**PROBLEM**
Please copy the lines below, exactly as they are, from the one with "Backgrounds 0311 Global" through the one with "shiro glutathione review", and leave out the pictures.

--- RECORD EXCERPTS ---

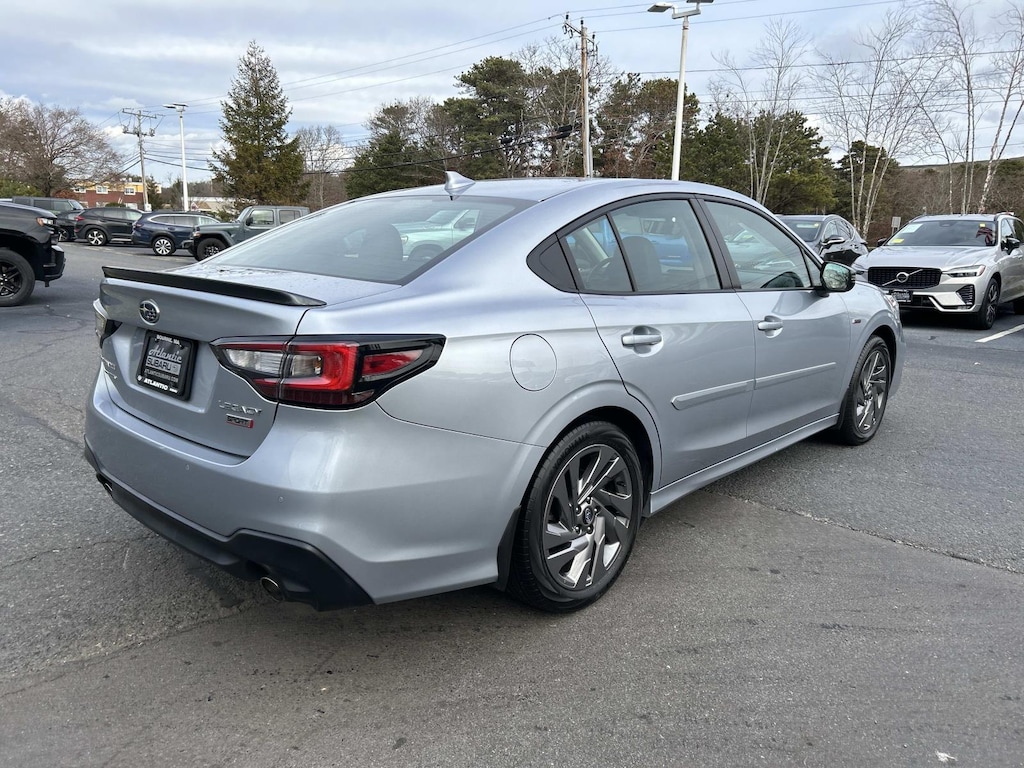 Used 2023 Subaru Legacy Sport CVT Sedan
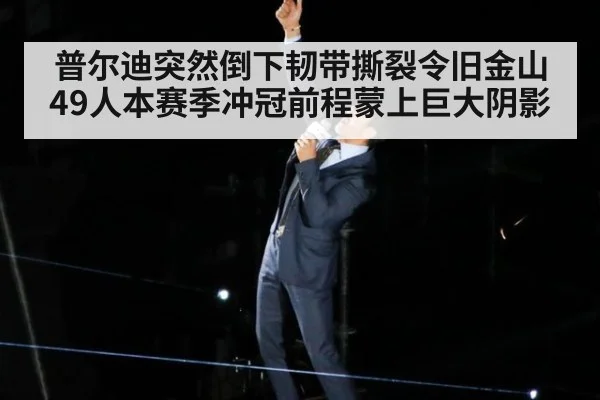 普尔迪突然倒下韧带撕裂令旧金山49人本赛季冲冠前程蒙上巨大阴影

---
--- RECORD EXCERPTS ---

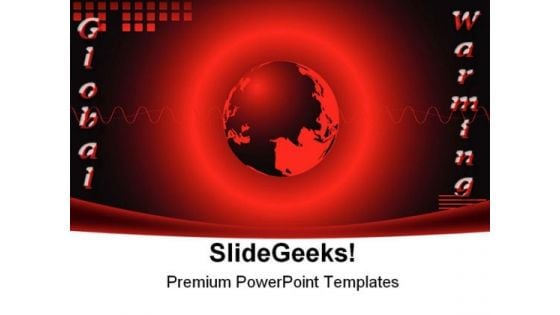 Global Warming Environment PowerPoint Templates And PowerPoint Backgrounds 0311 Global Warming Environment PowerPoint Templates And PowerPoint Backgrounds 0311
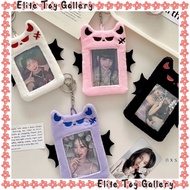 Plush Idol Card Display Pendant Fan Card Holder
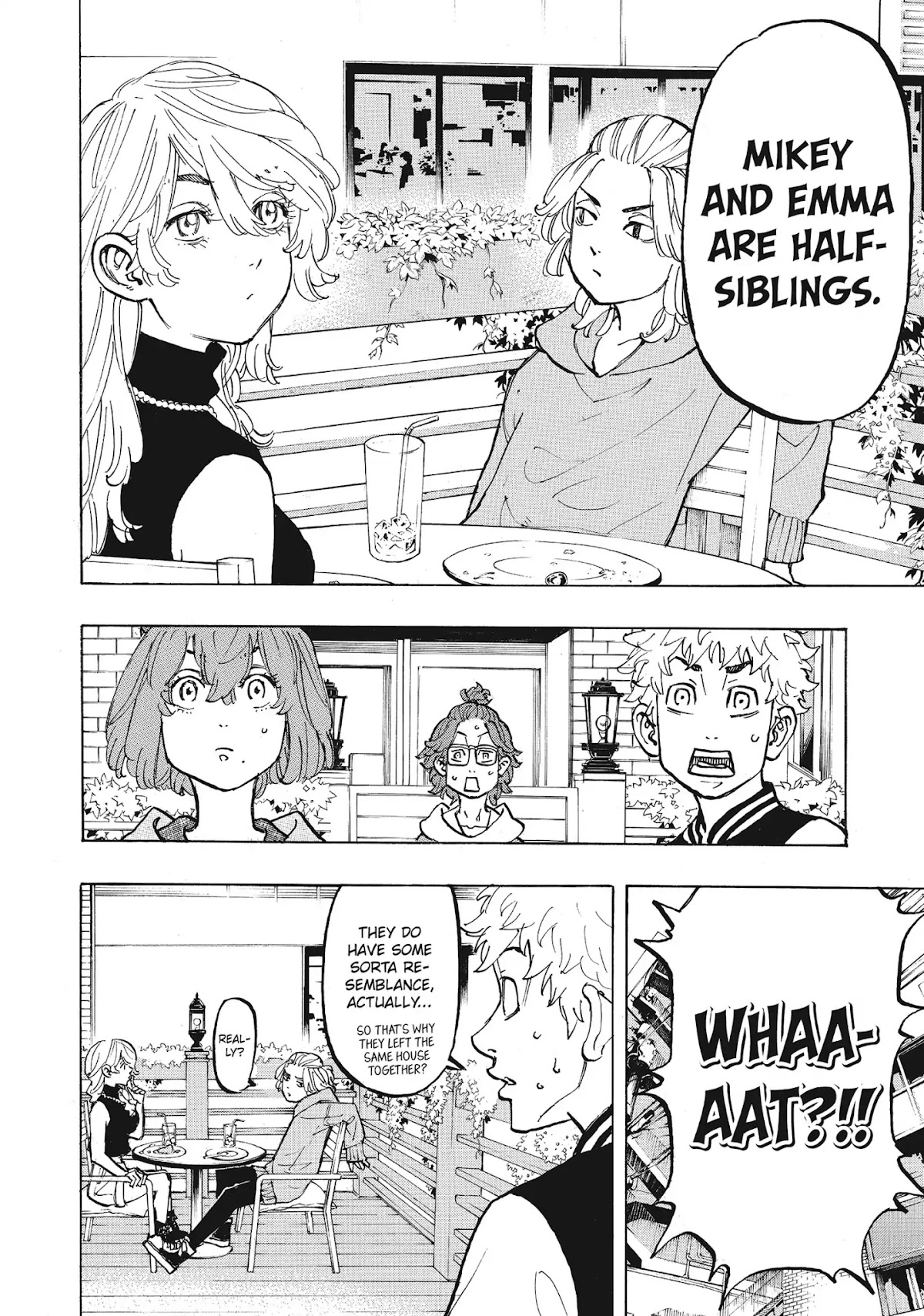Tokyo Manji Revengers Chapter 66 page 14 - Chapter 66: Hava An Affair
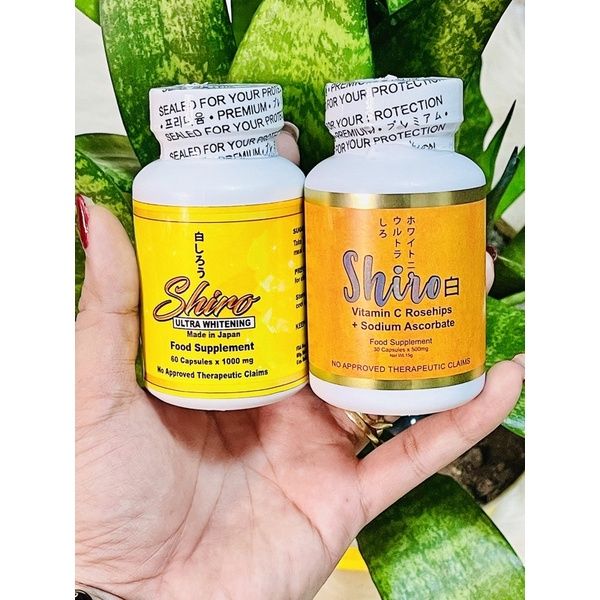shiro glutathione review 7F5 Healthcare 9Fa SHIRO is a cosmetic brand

---

**RESPONSE BOX**
 Global Warming Environment PowerPoint Templates And PowerPoint Backgrounds 0311 Global Warming Environment PowerPoint Templates And PowerPoint Backgrounds 0311
 Plush Idol Card Display Pendant Fan Card Holder
Tokyo Manji Revengers Chapter 66 page 14 - Chapter 66: Hava An Affair
shiro glutathione review 7F5 Healthcare 9Fa SHIRO is a cosmetic brand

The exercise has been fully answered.